La sconfitta è stata pesante ed è costata il cucchiaio di legno all'Italia. Il 33-10 è una dura lezione per una squadra azzurra stanca, ma per l'allenatore azzurro questo torneo e questo incontro non sono da buttare.
“Abbiamo giocato bene nei primi venti minuti del primo tempo, poi i gallesi sono stati bravi a metterci sotto pressione, ma complessivamente sono soddisfatto della nostra prestazione difensiva”.

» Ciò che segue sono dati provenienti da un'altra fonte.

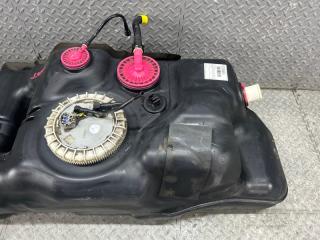 Топливный бак TOYOTA HILUX SURF KDN215 1KD-FTV 77001-3D541 2 ракурс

Un applauso, poi, agli avversari che arrivavano da un brutto periodo “Il Galles ha confermato di possedere uno dei migliori attacchi sulla scena internazionale, non ho nulla da rimproverare alla mia squadra per la partita di oggi e sono orgoglioso per come abbiamo disputato questo 6 Nazioni. Chiudiamo con solo dodici mete subite, il minimo dall’ingresso dell’Italia nel torneo a oggi”.
Cui però fa da contraltare uno dei peggiori attacchi di sempre. Un problema che parte dalla mediana. “Canavosio avrebbe dovuto rimanere in campo 50-60 minuti, ma ha avuto problemi al ginocchio e siamo stati costretti a sostituirlo molto prima del previsto. Tebaldi quando è entrato non ha dimostrato di avere abbastanza confidenza e, a risultato ormai acquisito dai nostri avversari, ho voluto vedere Bocchino in questa posizione”.

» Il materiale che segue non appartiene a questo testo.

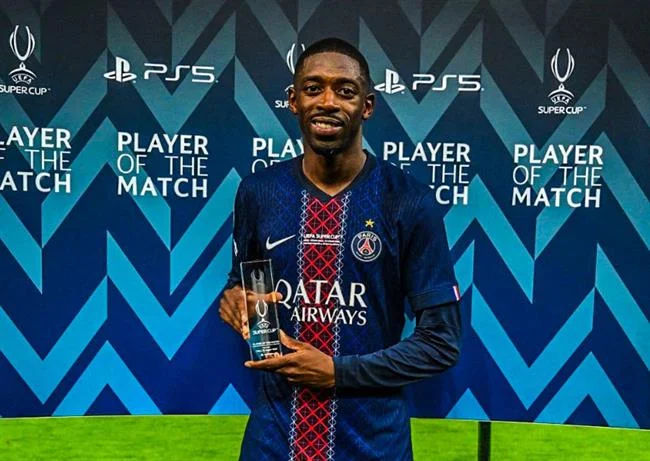 Tổng quan điều khoản dịch vụ 7clubs bet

Proprio la giovane apertura, schierata fuori ruolo, è stato uno dei giovani che, pur giocando poco, hanno più convinto il coach sudafricano. “E’ giovane, ha tanta personalità, è un ottimo placcatore: se i francesi hanno Yachvili, non vedo perché noi non possiamo avere un atleta simile e io ho molta fiducia in Riccardo”.
Alla fine, poi, un giudizio sul torneo dell'Italia “Il bilancio finale del Torneo è positivo, sicuramente abbiamo fatto un Sei Nazioni migliore rispetto all’anno passato. Non abbiamo avuto con noi Sergio Parisse, ma sono contento dello spirito che abbiamo dimostrato lungo tutta la manifestazione, nonostante i tanti infortuni cui ci siamo trovati a far fronte”.